Alla base dello strappo c’è poi anche uno storico limite del gruppo dirigente pentastellato: non aver saputo concepire e attuare una revisione della struttura del Movimento, nato come forza di democrazia diretta, ma di fatto nelle decisioni 'che contano' dipendente dalle scelte di un uomo solo, il fondatore appunto. Non è mai stata costruita una 'camera di compensazione' fra l’aspirazione (alla democrazia diretta) e la realtà. Se ci fosse già stata, il lavoro di Conte sarebbe stato più agevole.

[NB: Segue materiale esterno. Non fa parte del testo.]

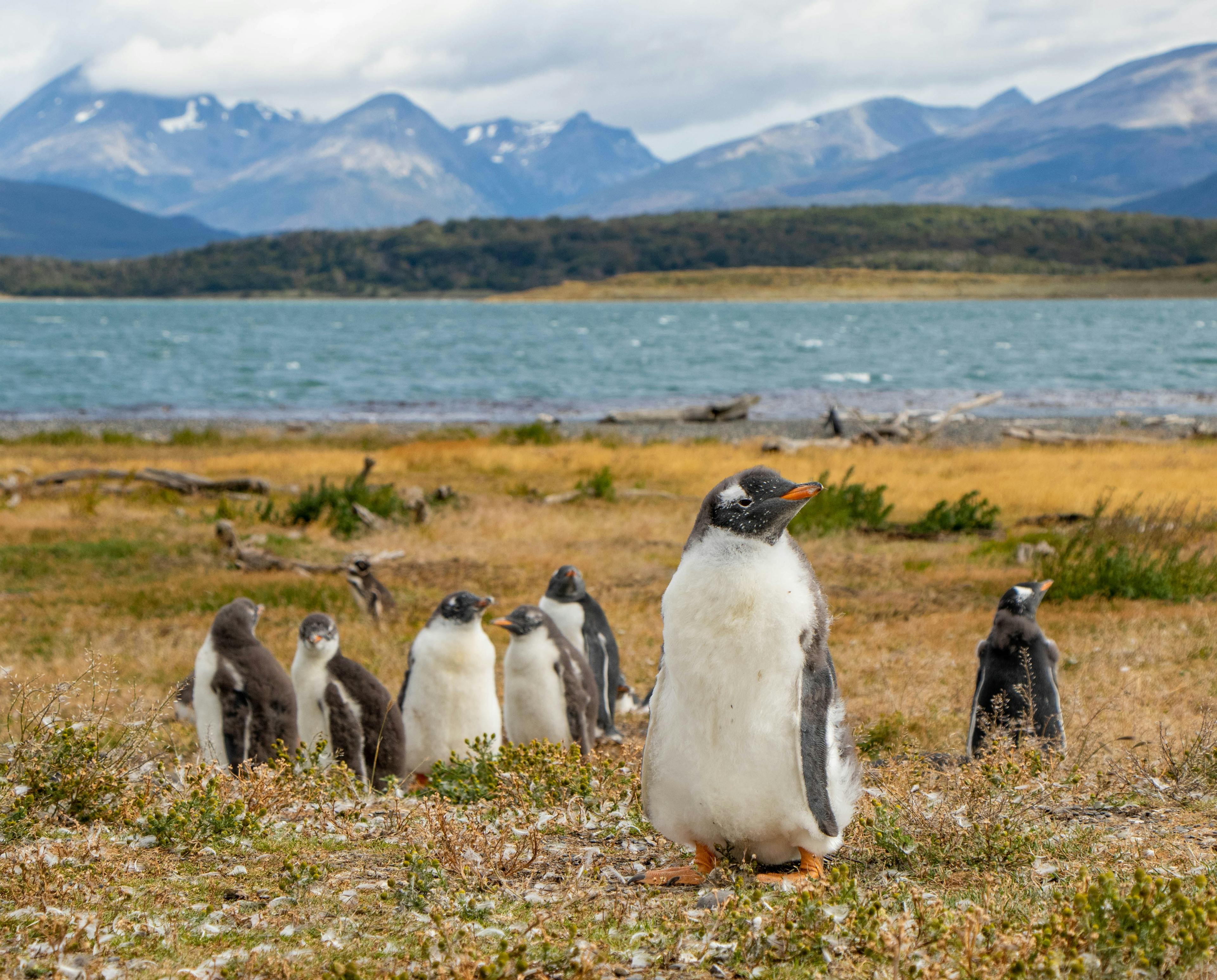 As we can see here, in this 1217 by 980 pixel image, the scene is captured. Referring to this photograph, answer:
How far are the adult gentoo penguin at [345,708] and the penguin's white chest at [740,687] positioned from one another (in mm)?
4217

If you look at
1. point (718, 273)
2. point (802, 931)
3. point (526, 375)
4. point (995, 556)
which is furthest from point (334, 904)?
point (718, 273)

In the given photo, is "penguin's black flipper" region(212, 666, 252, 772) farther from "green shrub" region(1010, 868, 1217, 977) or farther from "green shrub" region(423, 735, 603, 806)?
"green shrub" region(1010, 868, 1217, 977)

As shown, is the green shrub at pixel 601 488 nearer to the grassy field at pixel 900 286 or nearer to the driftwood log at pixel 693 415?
the driftwood log at pixel 693 415

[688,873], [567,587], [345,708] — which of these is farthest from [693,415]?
[688,873]

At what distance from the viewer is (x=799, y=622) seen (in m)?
4.86

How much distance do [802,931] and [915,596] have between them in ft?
37.0

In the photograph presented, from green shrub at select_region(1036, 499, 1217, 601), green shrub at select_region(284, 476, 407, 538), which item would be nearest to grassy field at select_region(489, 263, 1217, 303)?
green shrub at select_region(284, 476, 407, 538)

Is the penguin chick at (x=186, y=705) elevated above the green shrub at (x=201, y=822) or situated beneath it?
situated beneath

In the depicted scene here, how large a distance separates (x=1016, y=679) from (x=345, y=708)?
5232 mm

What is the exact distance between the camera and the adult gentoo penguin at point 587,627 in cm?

Ora si apre una crisi serissima e non solo interna, anche per gli effetti che può avere sulla stabilità del governo Draghi e, in prospettiva, sulla corsa per il Quirinale. E il punto non è domandarsi se può esistere un M5s senza Conte (che, senza le Stelle, con difficoltà potrà costruirsi un futuro immediato), ma – appunto – se possono esserci grillini senza Grillo: qualche segnale di ribellione ieri c’è stato (e già appare clamoroso), ma per ora sembra di no. Il M5s resta ancora 'quella cosa lì', un impasto unico di ambientalismo e populismo, di desacralizzazione delle istituzioni e di giusta lotta ai costi della politica (salvo poi cascare anche loro, i grillini, nei rimborsi gonfiati e nelle restituzioni negate) e di limite dei due mandati. Rifondare il Movimento è possibile e forse doveroso (la storia di quasi tutti gli altri partiti è piena di simili evoluzioni), rinnegare in blocco le origini no. Ma immaginare oggi il futuro di un Movimento che ha messo il 2050 nel simbolo sarebbe temerario. Eppure c’è un patrimonio di voglia di politica nuova e solidale che tanti elettori hanno affidato ai 'gialli' e che non meriterebbe di dissolversi nell’afa di un’estate rovente.